Cambodian officials confirmed on Thursday that Washington had formally asked Cambodia to send troops to bolster US operations in Iraq.

On Monday, Information Min­ister and government spokesman Khieu Kanharith said Prime Min­ister Hun Sen was considering the request. He added that the US ask­ed only for help with “nation building” in Iraq.

Khieu Kanharith did not give details about what part of the nation needed to be built, but added that du­ties could include demining and that RCAF soldiers would not “fight in the war.”

Interior Ministry police officer Uon Sokheng, 41, was more zealous than most interviewed and said that he would be happy for his children to serve in Iraq.

“Sending troops is for my country’s honor,” he said. “I have no doubts about sending my own children.”

Article 53 of the Constitution states that “Cambodia shall not join in any military alliance or military pact which violates its policy of neutrality,” and that “Cambodia shall not invade any country, nor interfere in any other countries’ internal affairs.”

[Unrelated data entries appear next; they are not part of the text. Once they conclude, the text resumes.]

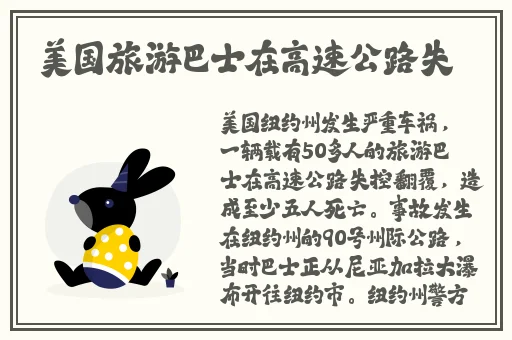 打扑克视频全程两人视频在线观看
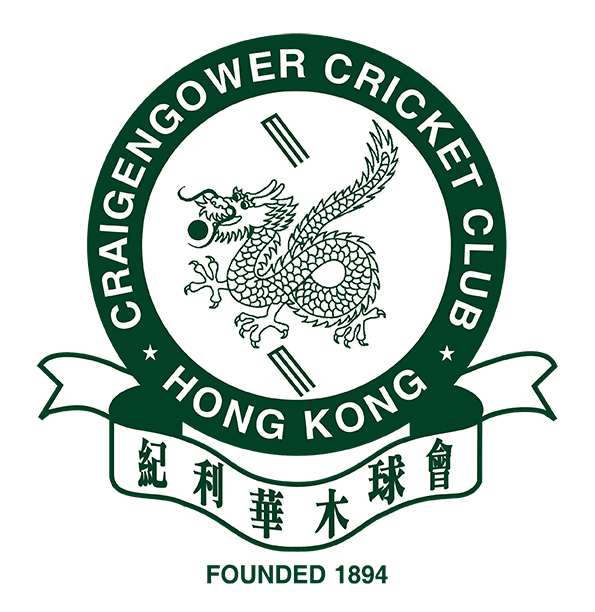 CCC
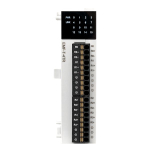 Модуль ввода термосопротивлений EMF 4 PRO-Logic EKF (без поверки)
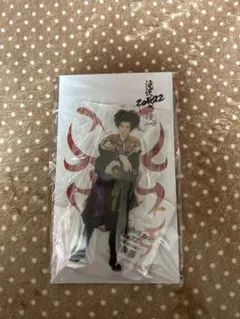 向井康二 官兵衛 SnowMan アクリルスタンド アクスタ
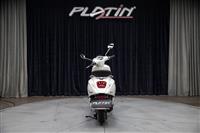 VESPA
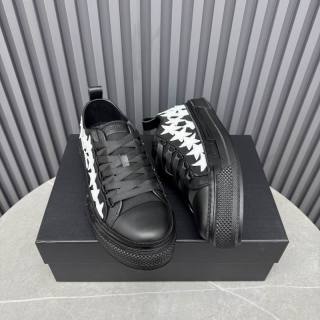 2026.07.23 Super Perfect Amiri Men Shoes size38-46 1059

Soda vendor Sann Siem, 48, said that the country has been through too many wars already to now get in­volved in Iraq.

“We should stay put. We should fix our own country first before we help other countries,” he said.

Tire-pump operator Nuon Phean, 38, agreed. He added that the US was an untrustworthy ally. “I don’t support the government sending troops, and I won’t go myself. It’s good for nations to help other nations, but I’m not so sure Iraq is a bad country,” he said. “Plus, the US couldn’t find weapons of mass destruction there. None of the things the US said came true.”